At 80 there are a number of tasks to be undertaken. One I have recently tackled is the clearing up and re-organisation of my study/library. I have been procrastinating in this regard since the Great Flood of 2005 sent water waist deep in the room and books and papers and files had to be rescued from lower shelves and bundled any old way in high nooks and crannies. The archives of my life were scattered into chaos. Treasured books and records became untraceable. The place became an Augean stable.
Soon I was using this once well-ordered library as a dumping ground. I retreated to my small and beautiful studiolo upstairs overlooking my wife’s garden and gradually gathered around me a new and more intimate collection of books and writing material and memorabilia. It is where I like to sit and think and read and write and the hours there pass in great contentment.
But lately I found a new resolve and have applied myself to the task of sorting out the jumble in the old, neglected library/study. In this I have been guided by the basic rule which I set down in my poem Zeroic:
Zeroic
Still alive
at seventy-five?
Do not wait
eliminate
put an end
to ever more.
Lovely thought
nothing sought
no excuse
reduce, reduce
life’s store
to the core
how you came
leave the same
the enemy is clutter.
Every day
throw away
aim to be
completely free.
Simplify
to zero.
It was a testing but satisfying exercise. Having carefully gone through the piles and piles of old magazines and papers and files, I threw away a great mess of stuff that I judged for better or worse were not worth keeping or donating.

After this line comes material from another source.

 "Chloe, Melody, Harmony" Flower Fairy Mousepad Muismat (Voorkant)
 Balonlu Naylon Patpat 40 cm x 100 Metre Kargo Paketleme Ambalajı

I kept anything I even half-considered might be interesting historically or from a family perspective. A massive clean-out was still involved. Space and orderliness returned. The room was filled with light again. Dust settling from the musty air was swept away.

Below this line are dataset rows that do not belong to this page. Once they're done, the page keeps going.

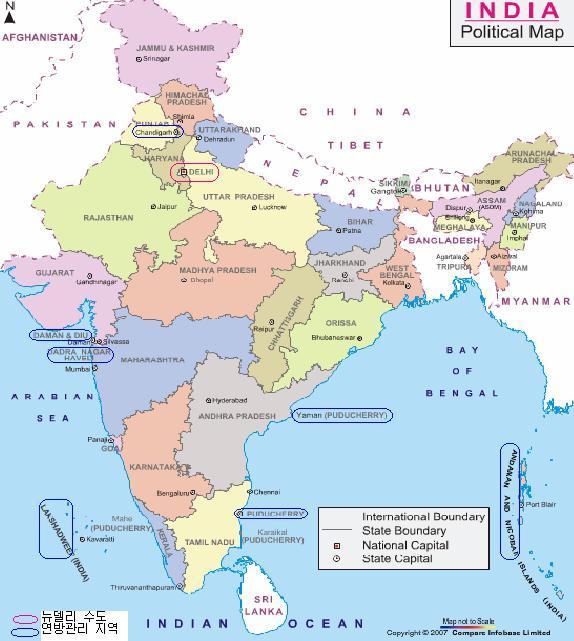 1. 국가개황 국가개황 인도행정지도 수도 : 뉴델리 (New Delhi) 공용어 : 힌두어, 영어 정부형태 : 연방공화국 (Republic of India) 구자라트주 주요자원 : 석탄, 철광석등 기후 :
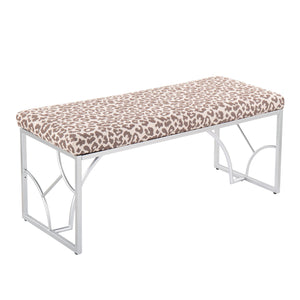 English Elm Constellation Silver Metal Bench with Beige Leopard Fabric Upholstery — Modern 2-Seat Accent Piece B202S01139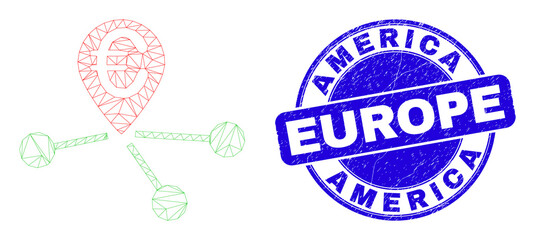 Web mesh euro location links icon and America Europe seal stamp. Blue vector rounded scratched seal stamp with America Europe text.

I have preserved what I believe may be important as sources of interest and historical value to those who come after me. For the record – and for scholars who may be interested to note – my remaining archive of material contains my own papers and manuscripts but also, very importantly, correspondence and papers to do with A J Seymour and originals of his many publications and copies of the more than 500 poems he wrote; a full set of Kyk-Over-Al since the first issue in 1945 and numerous files concerning this seminal magazine which I edited from 1984; and correspondence and papers in relation to my old friend and our great national poet Martin Carter.
I am dispersing my great library of books. It is time. I am gifting them to schools and community libraries as far and wide as possible. I hope with good cause, I see in my mind’s eye here and there a young boy or girl set aside his or her computer, pick up one of my beloved books and enter a world of dreams and treasure. I am keeping only books about Guyana and the West Indies or written by Guyanese and West Indians.
And I am keeping also all my books of poetry, perhaps a thousand in number by now. These I will keep as long as I last. I cannot imagine them not being there, shining in their special shelves.